Fara Jacques tente sa chance depuis le début de la saison au 100 m haies, un retour à ses premières amours.

Jacques passe du sprint aux haies

À deux ans des Jeux olympiques de 2020 à Tokyo, Farah Jacques a pris une décision importante. Elle a changé d’épreuve sur la piste d’athlétisme.

La sprinteuse de Gatineau tente sa chance depuis le début de la saison au 100 m haies. Un retour à ses premières amours pour la femme âgée de 28 ans.

«C’est ce que je faisais à mes débuts à l’école secondaire. J’ai gagné une médaille d’or aux Jeux du Québec aux haies», a-t-elle souligné au bout du fil.

Jacques revenait de Guelph lors de l’entrevue téléphonique. La représentante des Lions d’Ottawa avait participé au Speed River Inferno, une compétition réunissant 11 Olympiens de Rio, dont elle.

C’était sa sixième sortie de 2018 aux haies.

«Ça s’est bien passé. En fait, j’ai été surprise de mon résultat», a dit Jacques, qui a stoppé le chrono à 13,35 secondes.

«Ça me place déjà dans le top 4 au Canada.»

Surtout, elle se rapproche de sa cible de 12,97 secondes.

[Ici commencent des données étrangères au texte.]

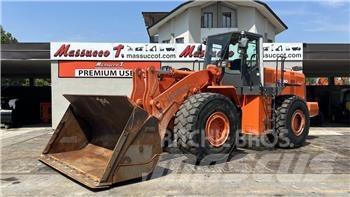 Hitachi ZW330 Kolesové nakladače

«C’est le standard afin de se qualifier en vue du NACAC», a-t-elle dit au sujet des championnats de l’Amérique du Nord, de l’Amérique centrale et des Caraïbes prévus à la mi-août à Toronto.

Il s’agit de la plus importante compétition à son horaire cette saison, tout juste devant les championnats canadiens qui se dérouleront justement à Ottawa pour une deuxième année de suite.

Le stade Terry-Fox, où elle s’entraîne à temps plein, recevra l’élite nationale du 3 au 8 juillet.

Ce sera une autre occasion pour Jacques de mesurer ses progrès aux haies.

Pourquoi changer de discipline? Surtout que la sprinteuse a participé aux Jeux olympiques en 2016, prenant le départ du relais 4x100 m. Elle s’est tapée aussi d’autres compétitions majeures au 200 m.

«Comme je disais, je faisais des haies au secondaire. J’avais arrêté tout ça pour me concentrer sur les sprints parce que je n’avais pas d’entraîneur pour enseigner la technique à l’époque.

«Mon entraîneur ici à Ottawa m’a dit en septembre dernier pourquoi ne pas essayer les haies. Que c’est le temps pour ça puisque ce n’est pas une grosse année en 2018. Il n’y a pas de Jeux, ni de championnats du monde.»

Puis il y a aussi que les opportunités seraient plus nombreuses aux haies pour elle.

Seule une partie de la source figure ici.